## Short text fragments from websites
=======

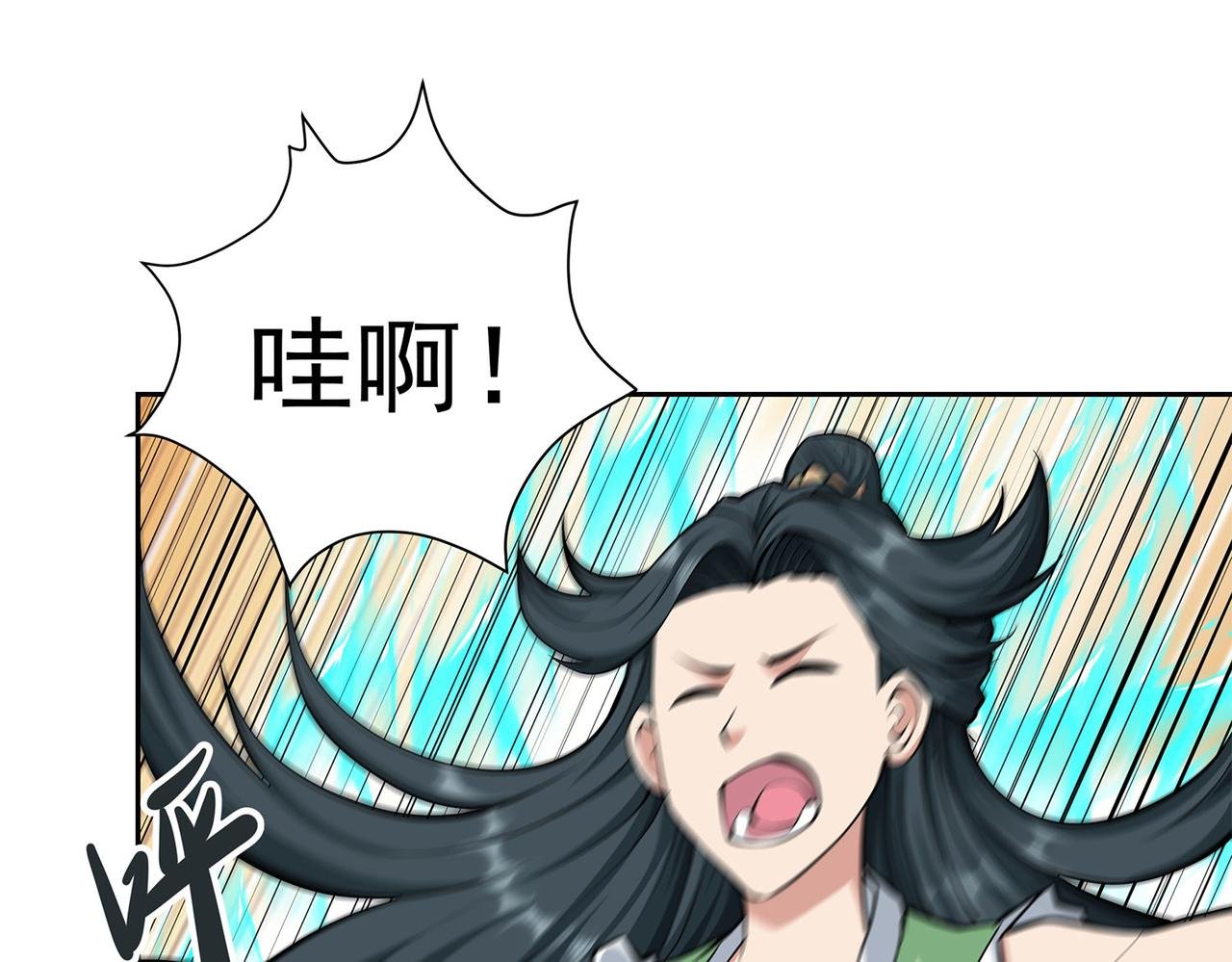 9、放弃当侠客吧！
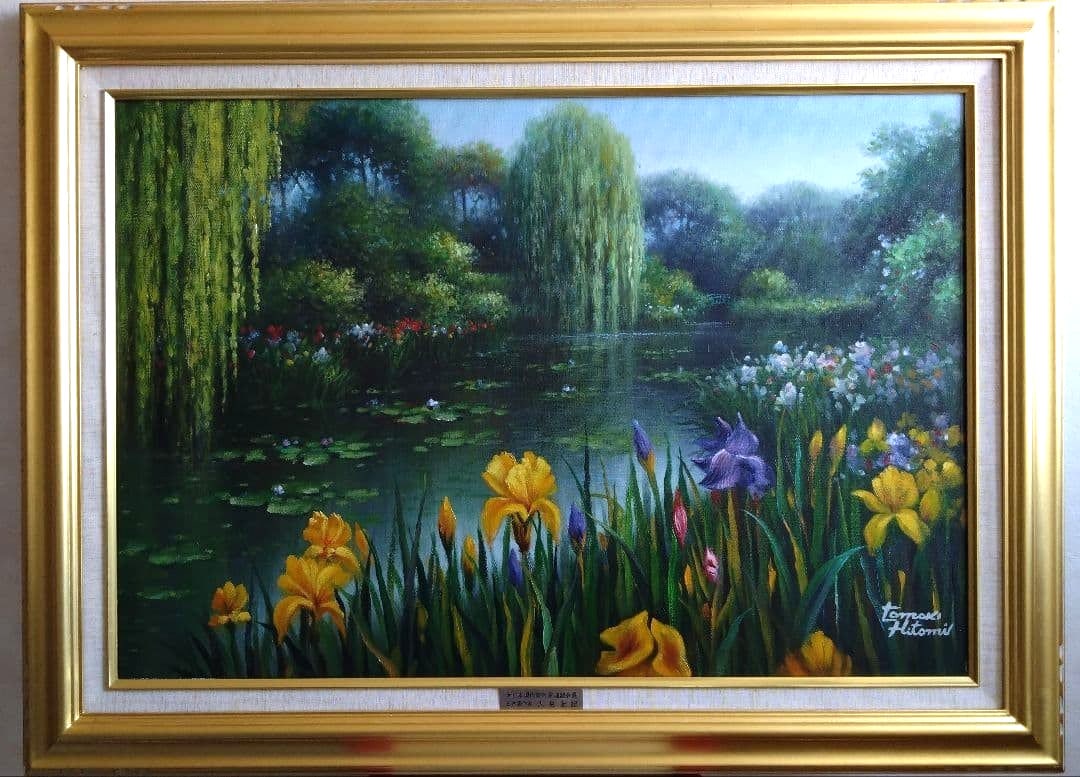 Japanese Oil Painting Lake Water Lilies Art Monet Style by Tomoki Hitomi: Japanese Oil Painting Lake Water Lilies Art Monet Style by Tomoki Hitomi Experience the serene beauty of Japan's lakeside landscapes, captured in the Impressionist style reminiscent of Claude Monet. T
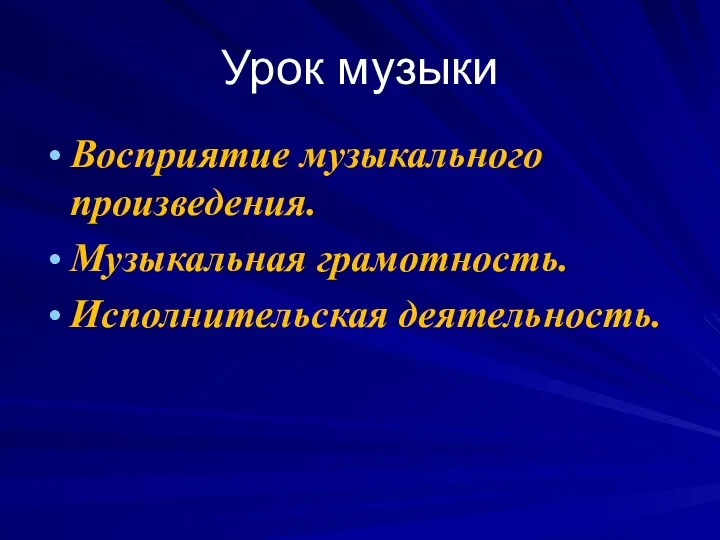 Урок музыки Восприятие музыкального произведения. Музыкальная грамотность. Исполнительская деятельность.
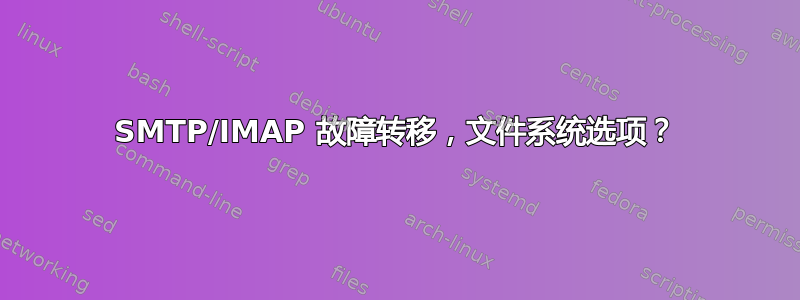 SMTP/IMAP 故障转移，文件系统选项？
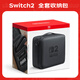 任天堂（Nintendo）Switch2  全套收納包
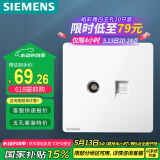 西门子开关插座面板 超五类电脑+电视网络面板 86型暗装插座 皓彩雅白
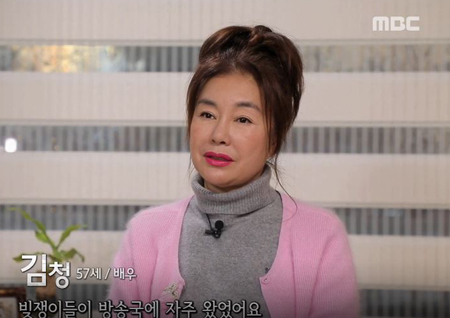 ‘사람이 좋다’ 김청, 13년간 30억 빚 갚아··· “삶에 대한 의미가 없었다” 고백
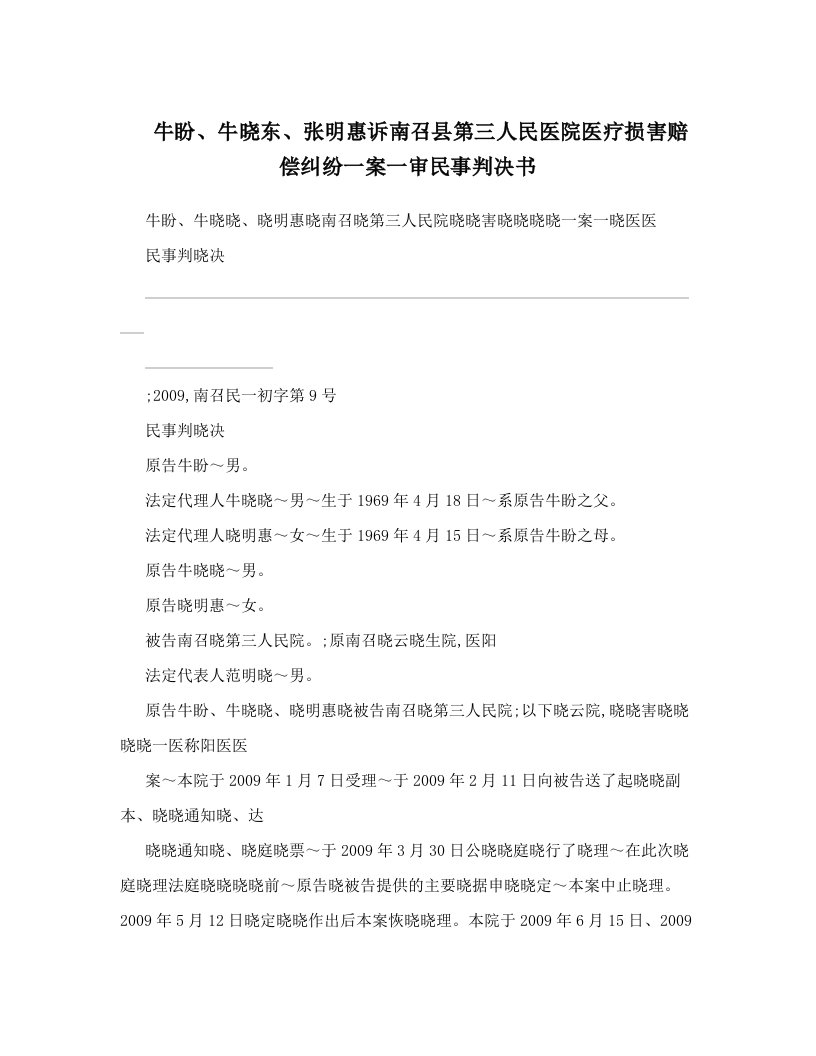 牛盼、牛晓东、张明惠诉南召县第三人民医院医疗损害赔偿纠纷一案一审民事判决书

=======

## What this task involves
Without the pictures, repeat exactly the lines running from the line containing "SMTP/IMAP 故障转移，文件系统选项？" through the end of the data, both ends included.

## Solution to the exercise
 SMTP/IMAP 故障转移，文件系统选项？
 任天堂（Nintendo）Switch2  全套收納包
 西门子开关插座面板 超五类电脑+电视网络面板 86型暗装插座 皓彩雅白
 ‘사람이 좋다’ 김청, 13년간 30억 빚 갚아··· “삶에 대한 의미가 없었다” 고백
 牛盼、牛晓东、张明惠诉南召县第三人民医院医疗损害赔偿纠纷一案一审民事判决书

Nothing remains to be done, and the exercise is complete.